As we have done for the last several years, Maimonides has directed a lot of attention to attracting, retaining and training competent staff. For the fifth year in a row, with the generous contribution of our Foundation, we have been able to offer scholarships to many of our staff who are in the process of upgrading their skills. In addition to a nursing bursary being offered to a graduate student at the McGill School of Nursing who has a special interest in geriatrics, many of our own staff members received bursaries to assist them in upgrading their education over the past year. This commitment by our Foundation, through the funding of educational opportunities, has allowed us to retain many of our staff, who otherwise go elsewhere.

In reference to recruitment, this has been a particularly difficult year for recruitment at Maimonides. Shortages exist in all the health care professions and it is not expected that there will be any improvement in the near future. New strategies will have to be developed over the next year in order to address this ongoing problem.

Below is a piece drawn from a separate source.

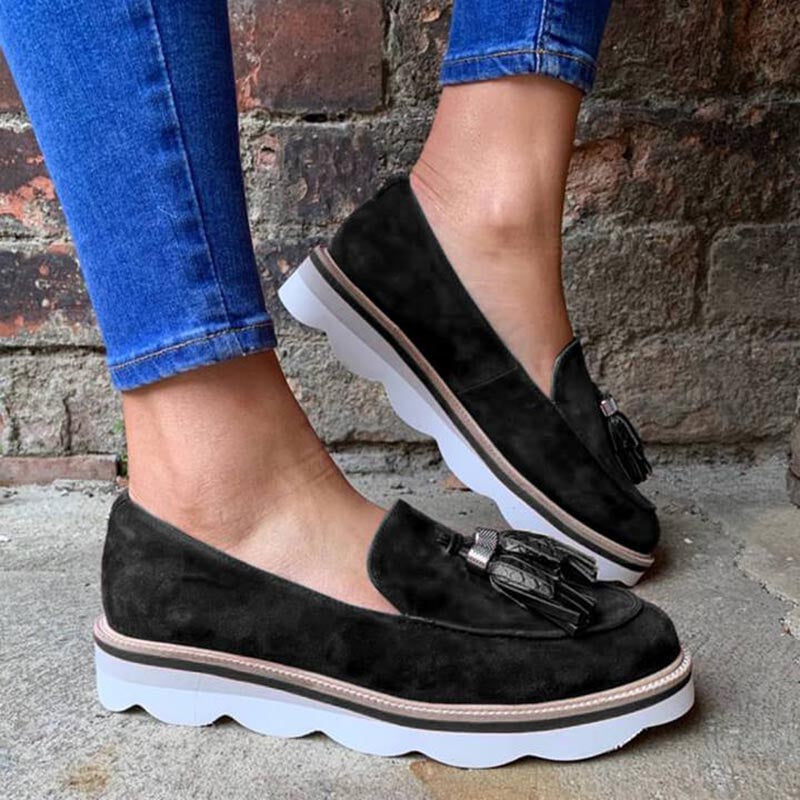 Women&#39;s suede shoes with soft soles for four seasons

Capital and Environmental Improvements

With the input of our very active Building & Maintenance Committee, the Chief of Technical Services and the Nursing and Clinical Services Departments, all funds, received from the Foundation and the government during the past year, were directed towards improving the quality of life of the residents at Maimonides.

Specialized Wheelchairs

Once again, our Foundation donated approximately $30,000 which allowed us to purchase a variety of geriatric and light weight wheelchairs.

Restraint Alternatives

Rather than purchase restraints, the Centre was fortunate to receive a donation of $20,000 from the Foundation again which was used for specialized alarms, safety pads and other systems which allow us to monitor our residents’ movement.

Specialized Mattresses

More specialized mattresses werepurchased with funds from the Foundation this year, bringing our inventory of these kinds of mattresses, which were all paid for by the Foundation, to eleven. At an average cost of $10,000 a mattress, the Foundation has invested approximately $110,000 over the past five years into this program.